*** Exercise inputs Section Begins ***
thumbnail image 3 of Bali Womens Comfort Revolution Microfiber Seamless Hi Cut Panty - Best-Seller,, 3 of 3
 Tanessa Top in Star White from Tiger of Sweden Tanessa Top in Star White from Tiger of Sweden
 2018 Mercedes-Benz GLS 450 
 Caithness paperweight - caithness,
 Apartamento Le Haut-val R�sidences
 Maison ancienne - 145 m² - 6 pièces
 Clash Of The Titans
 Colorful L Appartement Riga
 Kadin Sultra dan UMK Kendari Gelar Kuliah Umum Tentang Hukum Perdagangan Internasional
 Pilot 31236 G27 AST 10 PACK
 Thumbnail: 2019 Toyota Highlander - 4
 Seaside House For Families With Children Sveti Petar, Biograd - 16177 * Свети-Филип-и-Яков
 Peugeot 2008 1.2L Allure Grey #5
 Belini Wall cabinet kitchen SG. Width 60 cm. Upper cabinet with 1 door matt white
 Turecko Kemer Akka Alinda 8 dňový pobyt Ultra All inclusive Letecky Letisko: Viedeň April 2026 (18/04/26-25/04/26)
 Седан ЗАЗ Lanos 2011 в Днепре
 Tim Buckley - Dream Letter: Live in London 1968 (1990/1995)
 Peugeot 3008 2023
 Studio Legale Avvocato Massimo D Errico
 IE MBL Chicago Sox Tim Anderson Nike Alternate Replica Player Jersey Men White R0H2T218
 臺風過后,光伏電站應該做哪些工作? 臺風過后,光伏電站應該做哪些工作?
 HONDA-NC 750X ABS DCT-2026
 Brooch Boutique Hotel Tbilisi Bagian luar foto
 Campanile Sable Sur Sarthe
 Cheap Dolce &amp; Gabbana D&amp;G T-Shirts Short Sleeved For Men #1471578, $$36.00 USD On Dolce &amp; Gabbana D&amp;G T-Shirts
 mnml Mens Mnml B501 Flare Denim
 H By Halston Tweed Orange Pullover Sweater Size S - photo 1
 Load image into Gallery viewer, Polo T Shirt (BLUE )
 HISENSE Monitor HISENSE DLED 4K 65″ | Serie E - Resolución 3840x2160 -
*** Exercise inputs Section Ends ***
What the task requires — Repeat the entries. Keep each one exactly as written.

Solution to this task —
thumbnail image 3 of Bali Womens Comfort Revolution Microfiber Seamless Hi Cut Panty - Best-Seller,, 3 of 3
 Tanessa Top in Star White from Tiger of Sweden Tanessa Top in Star White from Tiger of Sweden
 2018 Mercedes-Benz GLS 450 
 Caithness paperweight - caithness,
 Apartamento Le Haut-val R�sidences
 Maison ancienne - 145 m² - 6 pièces
 Clash Of The Titans
 Colorful L Appartement Riga
 Kadin Sultra dan UMK Kendari Gelar Kuliah Umum Tentang Hukum Perdagangan Internasional
 Pilot 31236 G27 AST 10 PACK
 Thumbnail: 2019 Toyota Highlander - 4
 Seaside House For Families With Children Sveti Petar, Biograd - 16177 * Свети-Филип-и-Яков
 Peugeot 2008 1.2L Allure Grey #5
 Belini Wall cabinet kitchen SG. Width 60 cm. Upper cabinet with 1 door matt white
 Turecko Kemer Akka Alinda 8 dňový pobyt Ultra All inclusive Letecky Letisko: Viedeň April 2026 (18/04/26-25/04/26)
 Седан ЗАЗ Lanos 2011 в Днепре
 Tim Buckley - Dream Letter: Live in London 1968 (1990/1995)
 Peugeot 3008 2023
 Studio Legale Avvocato Massimo D Errico
 IE MBL Chicago Sox Tim Anderson Nike Alternate Replica Player Jersey Men White R0H2T218
 臺風過后,光伏電站應該做哪些工作? 臺風過后,光伏電站應該做哪些工作?
 HONDA-NC 750X ABS DCT-2026
 Brooch Boutique Hotel Tbilisi Bagian luar foto
 Campanile Sable Sur Sarthe
 Cheap Dolce &amp; Gabbana D&amp;G T-Shirts Short Sleeved For Men #1471578, $$36.00 USD On Dolce &amp; Gabbana D&amp;G T-Shirts
 mnml Mens Mnml B501 Flare Denim
 H By Halston Tweed Orange Pullover Sweater Size S - photo 1
 Load image into Gallery viewer, Polo T Shirt (BLUE )
 HISENSE Monitor HISENSE DLED 4K 65″ | Serie E - Resolución 3840x2160 -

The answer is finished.